Inspired by a talk about Clojure given by Rich Hickey at Philly Emerging Tech earlier this year, I've been toying with building a Java library of pure (immutable) data structures, starting with the Map implementation based on Phil Bagwell's Hash Tries. Yes, I know I could probably just figure out how to use them straight out of Clojure by interoperating, but that would deprive me of an interesting coding exercise.

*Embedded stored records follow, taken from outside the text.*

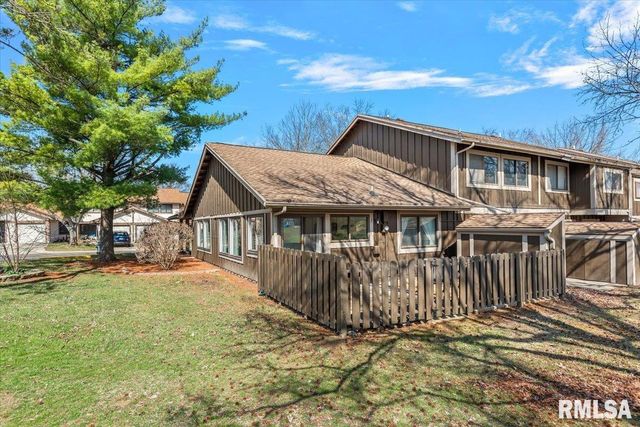 36 Trailridge Lane, Springfield, IL 62704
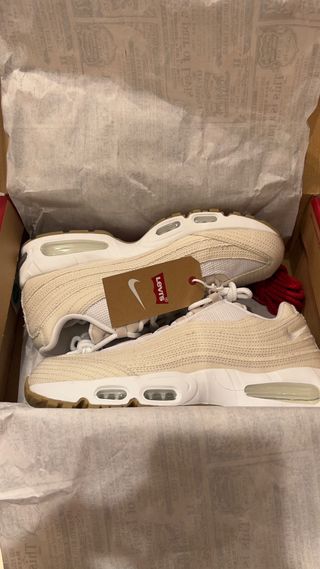 Nike x Levi’s Air Max 95 OG Beige/Blanco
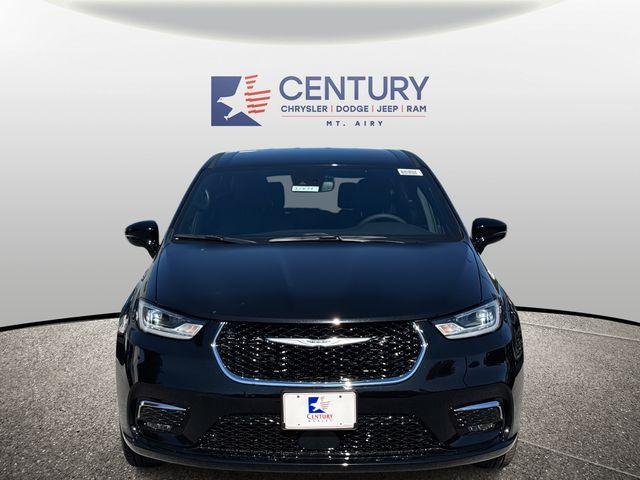 new 2026 Chrysler Pacifica car, priced at $39,000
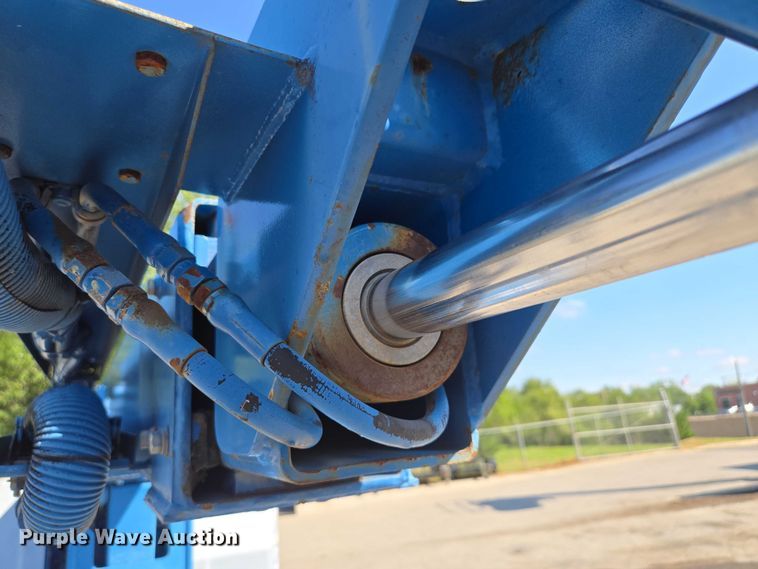 image for item EV1597 1998 Genie Z-34/22N boom lift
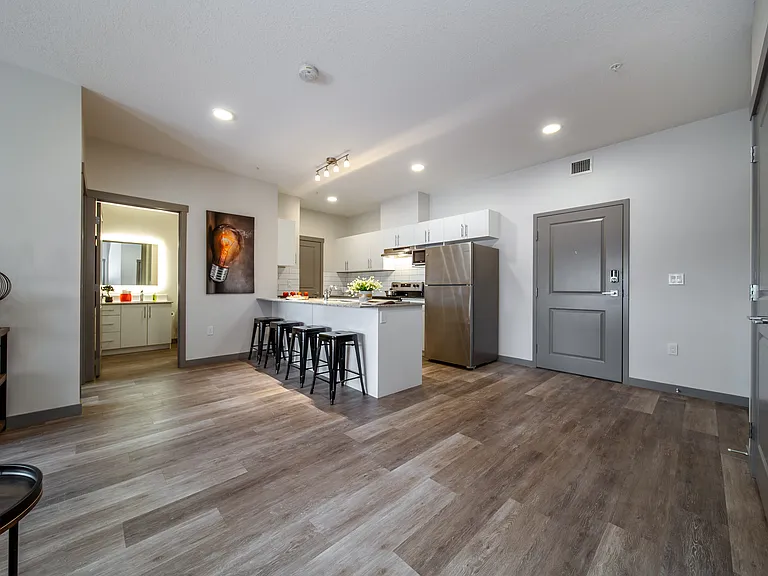 730 Tamarack Way NW — Photo 3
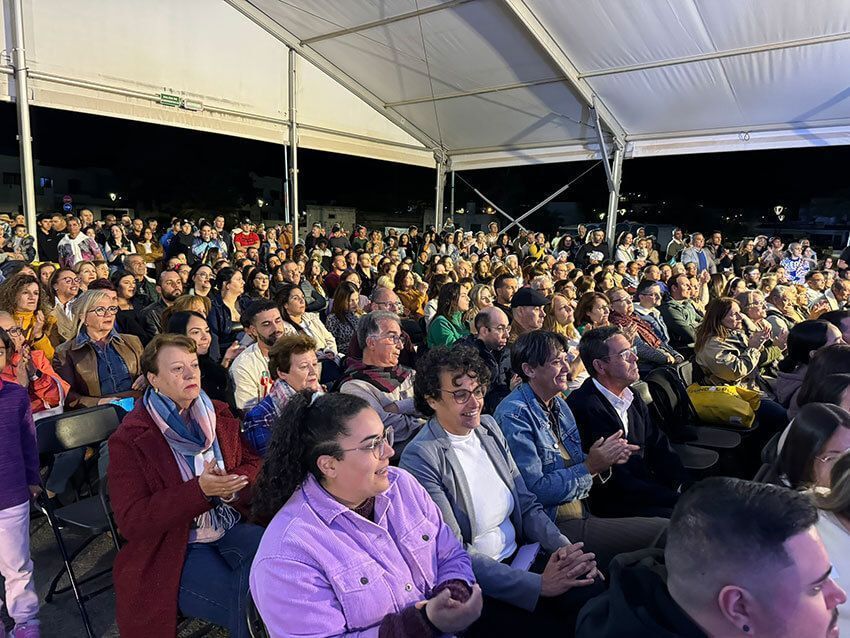 Presentación fantasías comparsas Los Yaiseros y Los Timanfeiros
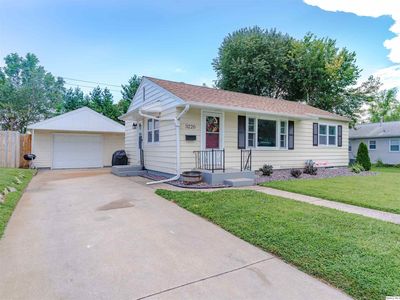 3220 College Ave, Quincy, IL, 62301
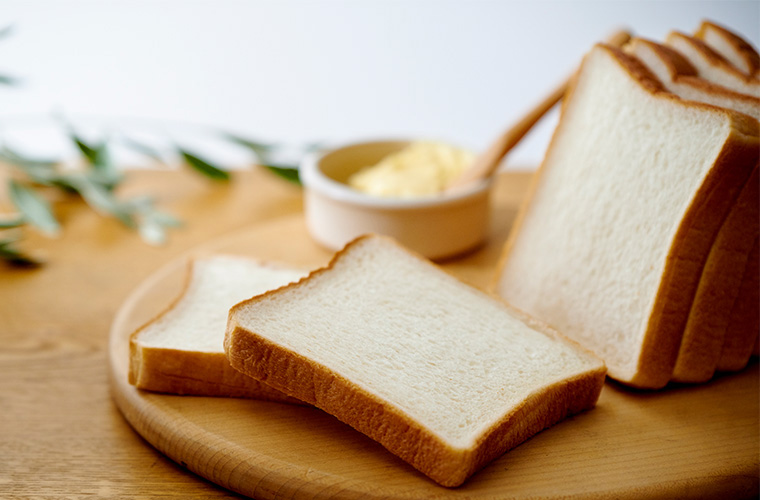 離乳食に使うパン選びのポイントは！？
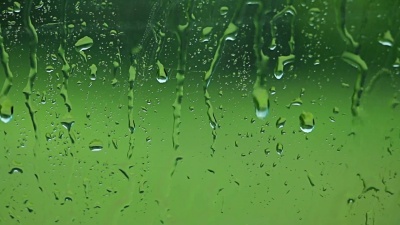 车窗下着暴风雨，雨滴在车窗上流淌
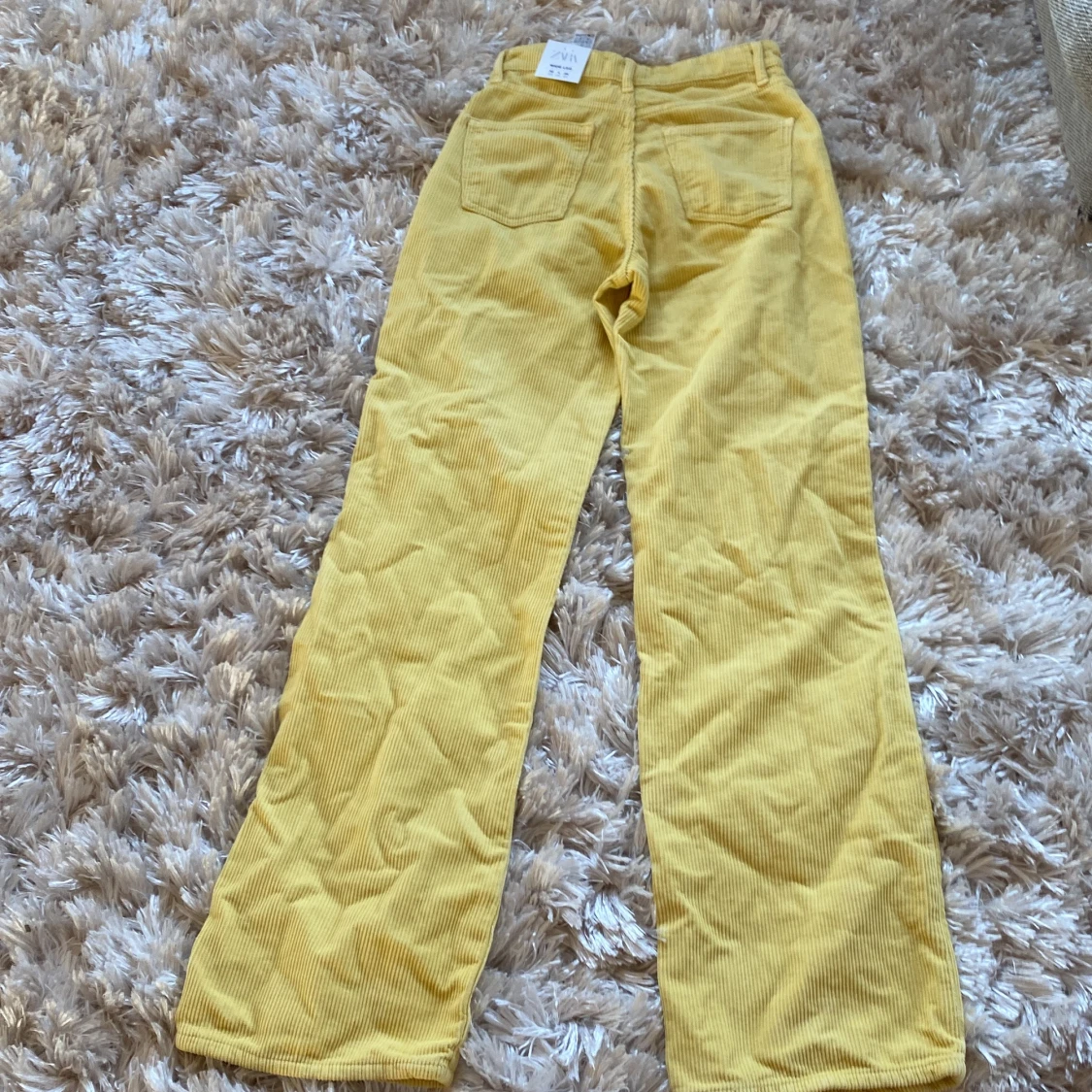 Gula vida byxor  - 90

At any rate, I hadn't really gotten around to doing this in any great detail yet, and as it turns out, I'm glad I didn't. I was fortunate to be able to attend a refactoring and test-driven development (TDD) class taught by Bob Martin this week, and one of the code examples we ran through was the "Bowling Game" of writing an algorithm to score ten frames of bowling. Prior to developing this with a TDD approach, we identified a pretty simple object-oriented design including things like Games, Frames, Rolls, TenthFrames, etc. Yet when we actually got down to it, it turned out we just needed a pretty simple algorithm built into the single Game class--ultimately a much simpler design.

Rewinding to the pure hashmaps: I had previously been thinking about how to decompose the internal datastructure for the hash tries into classes like InternalNodes and LeafNodes that would implement a common TrieNode interface, and then mark all of those things as package private so I could hide all the messy implementation details from the client behind a PureHashMap facade. Hoo boy.

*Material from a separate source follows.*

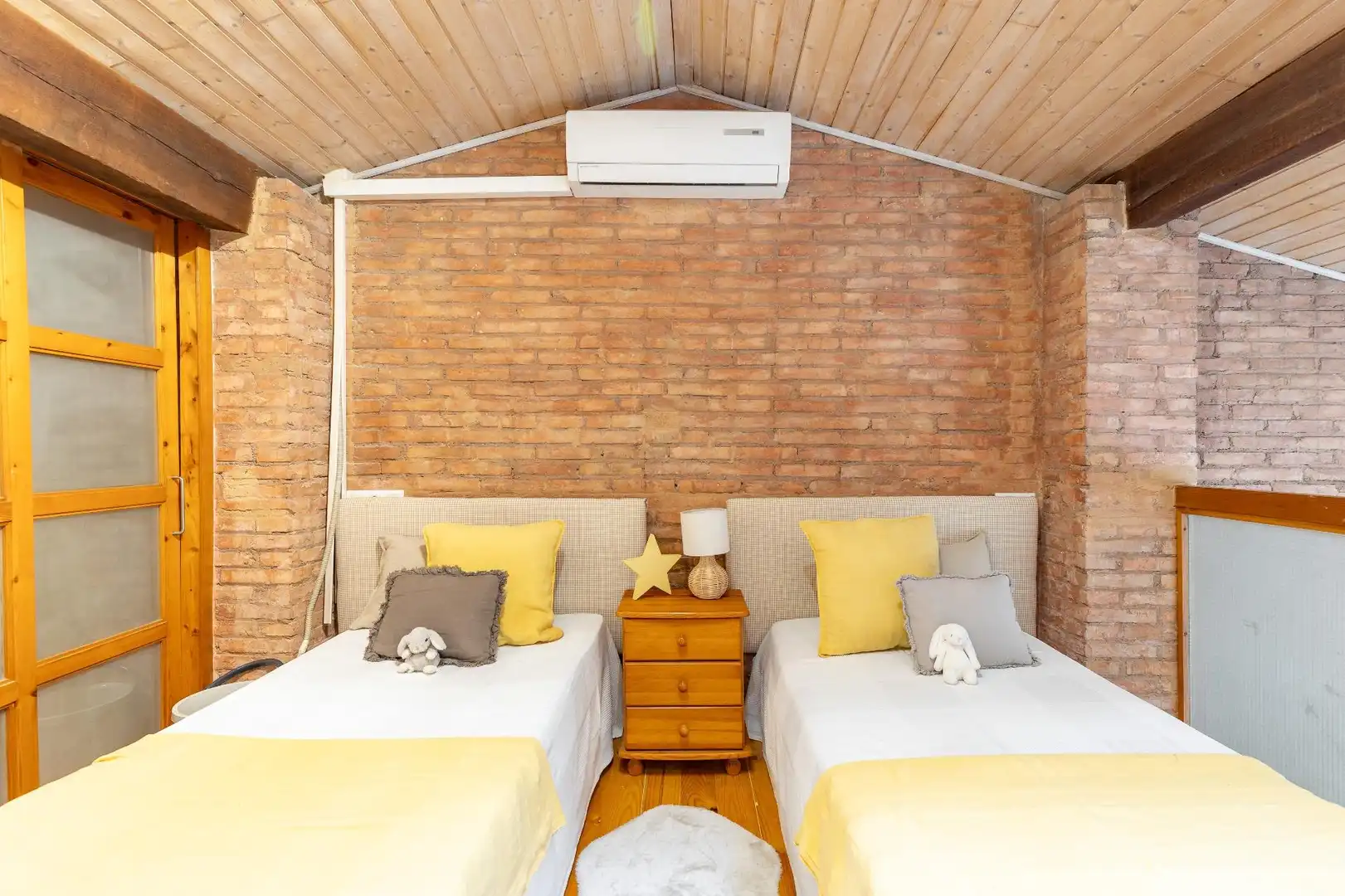 Schlafzimmer von Maisonette zum Verkauf in Valencia mit Klimaanlage und Balkon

Instead, over the course of a very few hours today, I instead took the following approach: first, I used TDD to develop a brain-dead simple implementation of a PureHashMap using real HashMaps as the backing store, but cloning them on modification. Didn't even make an attempt at the Hash Trie implementation. Wouldn't work well at all on large data sets, but it did allow me to develop a set of unit tests that documented the required functional behavior of a PureHashMap, and it didn't really take long at all.

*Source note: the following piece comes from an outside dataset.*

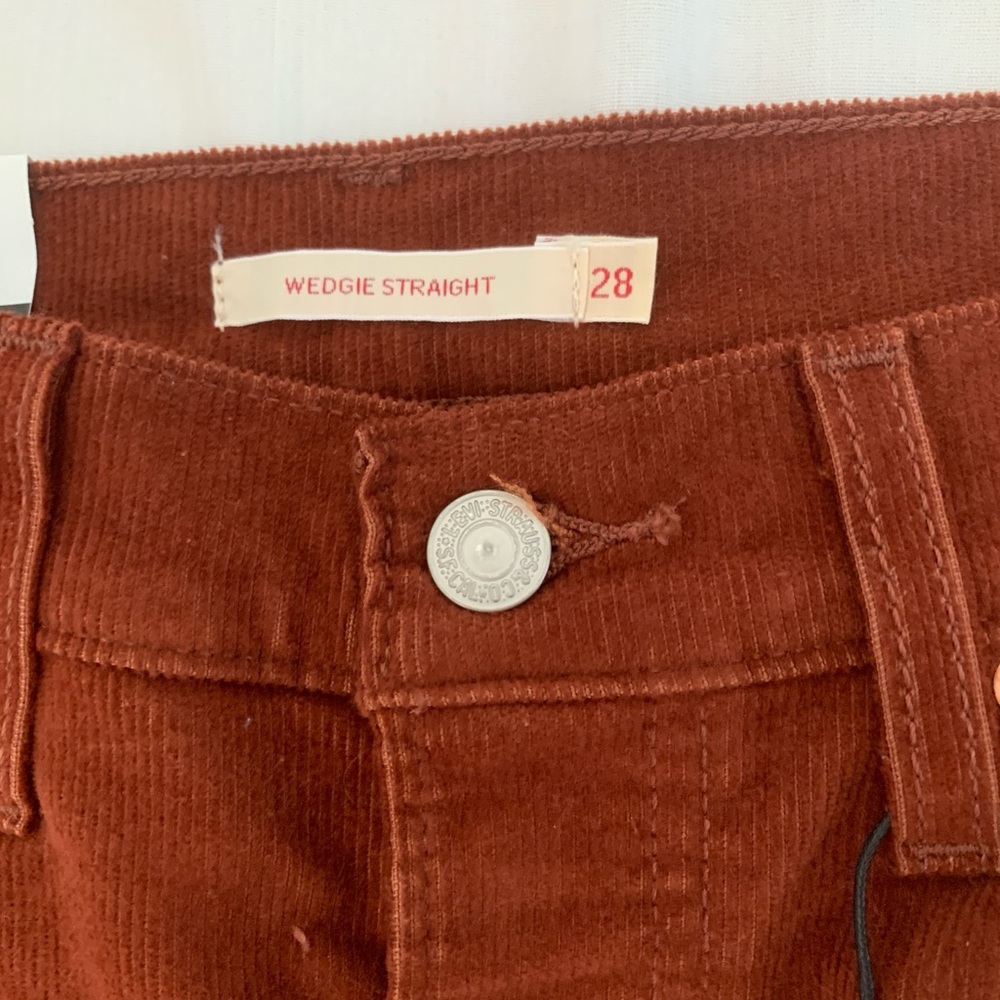 NWT Levi's Wedgie Straight Corduroy Pants Rust Orange 28x26 - Picture 2 of 14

Next, I did something crazy: I completely threw away the simple implementation of PureHashMap, breaking all the tests. Then I started hacking the hash trie implementation in there until I could get all the tests to pass one by one. Now, this was ugly, cut-n-pasted, massively high cyclomatic complexity code--I shudder to think of it. But it really didn't take too long to get that working either, with the tests as a guide. Finally, as any TDD afficionado would know, once I had all my tests working again, I was able to easily but mercilessly refactor until it was all cleaned up.

The end result was something far better than I could have imagined: a relatively understandable PureHashMap hash trie implementation in a single class file with 100% unit test coverage, built in less than an afternoon. That's powerful stuff. Thanks, Uncle Bob.